## What to work on
Each line below must be transcribed exactly, and no picture may appear in the transcription.

## Information supplied
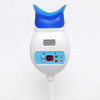 Smiledt Dental Teeth Whitening Led Lamp Bleaching Blue Light Accelerator Arm Holder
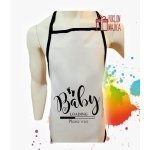 Kecelja baby loading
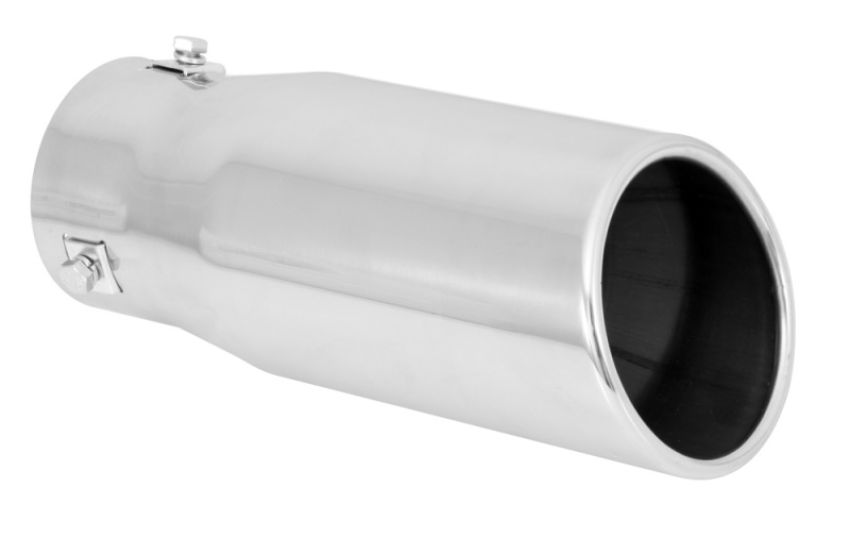 Spectre 22354 Exhaust Tip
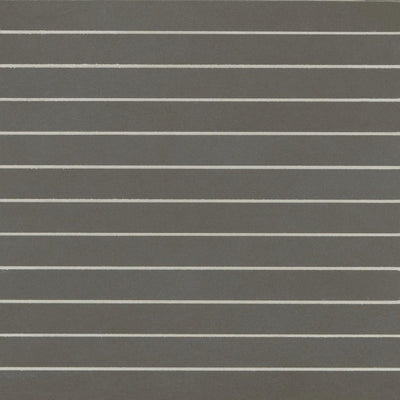 Dark Sahara Mosaic - FloorRunner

## Answer to this task
 Smiledt Dental Teeth Whitening Led Lamp Bleaching Blue Light Accelerator Arm Holder
 Kecelja baby loading
 Spectre 22354 Exhaust Tip
 Dark Sahara Mosaic - FloorRunner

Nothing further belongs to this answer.